S’il fallait trouver un comparable à ÁTTA parmi toute la discographie de Sigur Rós, il s’agirait sans doute de Valtari, caractérisé lui aussi par une esthétique dépouillée et la volonté consciente de placer la section rythmique en arrière-plan. Mais ÁTTA amène cette idée encore plus loin avec une absence quasi totale de batterie. On peut y voir une décision pratique de la part du groupe, privé de batteur depuis 2018 en raison du départ d’Orri Páll Dýrason dans la foulée d’allégations d’agression sexuelle. Mais il s’agit aussi d’un choix éclairé compte tenu de la nature de ces dix nouvelles pièces, toutes en langueur et dont le rythme semble se déployer naturellement.

Une autre particularité d’ÁTTA est que la voix de Jónsi occupe un espace un peu plus restreint dans l’environnement sonore, se fondant davantage dans le mur de son créé par les cordes et les progressions harmoniques de l’orchestre. On s’en aperçoit dès la deuxième pièce, Blóðberg (premier extrait paru quelques jours avant l’album), sur laquelle la voix se fait douce et feutrée, jusqu’à se faire ensevelir par les couches instrumentales, suscitant un effet apaisant à l’image de tout le disque.
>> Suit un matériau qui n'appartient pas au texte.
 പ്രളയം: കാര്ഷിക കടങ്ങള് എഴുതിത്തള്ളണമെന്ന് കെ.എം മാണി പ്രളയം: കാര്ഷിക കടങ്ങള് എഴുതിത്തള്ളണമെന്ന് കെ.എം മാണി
En fait, on peut affirmer sans détour que c’est l’orchestre dirigé par Robert Ames qui est la véritable vedette de ce huitième disque des Islandais, à un tel point que la place des instruments rock traditionnels s’en trouve diminuée. Certes, des arpèges de guitare servent de principal support harmonique sur la délicate Skel tandis qu’Andrá peut rappeler l’album ( ) (2002) avec sa partition de piano, mais ce sont les couleurs de l’orchestre qui dictent le tableau, comme sur la somptueuse Mór. Par ailleurs, seule la puissante Klettur est portée par une pulsation soutenue à la batterie.
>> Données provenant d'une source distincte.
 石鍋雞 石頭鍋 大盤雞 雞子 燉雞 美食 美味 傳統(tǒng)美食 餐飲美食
En prenant un tel parti pris pour les nuances orchestrales, Sigur Rós a certes réussi à créer son disque le plus intimiste jusqu’ici, ce qui est un peu ironique quand on pense aux moyens techniques qui sont déployés. Cela dit, l’ensemble s’avère très lisse et soigné, sans aucune aspérité ou presque, alors que le groupe est au sommet de sa forme quand la richesse des textures se marie avec un côté plus strident ou rageux. On note aussi quelques longueurs, même si ça vient avec le style, surtout en fin de disque, tandis que la planante 8 s’étire un peu inutilement au-delà des neuf minutes.
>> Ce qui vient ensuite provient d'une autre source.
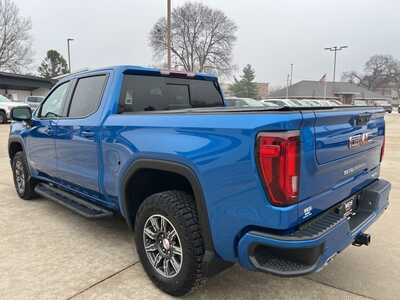 2024 GMC 1500 Crew Cab, $58200. Photo 6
Cela dit, ce nouvel album demeure d’une grande beauté, qui évoque les paysages les plus apaisants de l’Islande – non pas les volcans et les glaciers, mais les plaines et les grandes étendues. La préservation de la nature constitue d’ailleurs un élément clé de la culture islandaise et il est évident que le trio a conçu ÁTTA comme une ode à la beauté fragile de la planète, comme l’a confié Jónsi à la radio NPR : « Il y a les feux de forêt au Canada, beaucoup de feux à Los Angeles, la guerre en Ukraine et tout ça. […] Oui, il y a définitivement quelque chose de… non pas glauque, mais, je ne sais pas, quelque chose de lourd mais rempli d’espoir en même temps ».

Tel un chat qui a neuf vies, Sigur Rós parvient toujours à rebondir tout en évoluant dans un genre un peu sclérosé qui permet difficilement à un artiste de se renouveler. Alors qu’on sentait venir un petit essoufflement créatif après Valtari, le groupe avait ajusté le tir sur Kveikur (2013) en revenant avec un son plus musclé. Et voilà qu’après que les dernières années nous aient laissés craindre une implosion du groupe, réduit à deux membres pendant un moment, les Islandais plongent à fond dans la musique orchestrale, quitte à abandonner toute velléité rock ou presque. Qu’on embarque ou non dans ce nouveau disque, une telle résilience force l’admiration.